Quote exactly and only this range of lines in the data below: the line that holds "Collecta - Warlander" to the line that holds "Modell eisenbahnen im freien", both included.

[[ Record excerpts open ]]

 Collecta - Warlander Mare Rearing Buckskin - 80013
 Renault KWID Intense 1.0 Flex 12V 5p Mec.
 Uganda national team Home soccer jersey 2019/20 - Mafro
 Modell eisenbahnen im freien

[[ Record excerpts closed ]]
[[ Record excerpts open ]]

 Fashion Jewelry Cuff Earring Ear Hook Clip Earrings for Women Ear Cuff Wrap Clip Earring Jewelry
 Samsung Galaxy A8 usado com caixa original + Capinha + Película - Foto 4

[[ Record excerpts closed ]]

_Completed task_
 Collecta - Warlander Mare Rearing Buckskin - 80013
 Renault KWID Intense 1.0 Flex 12V 5p Mec.
 Uganda national team Home soccer jersey 2019/20 - Mafro
 Modell eisenbahnen im freien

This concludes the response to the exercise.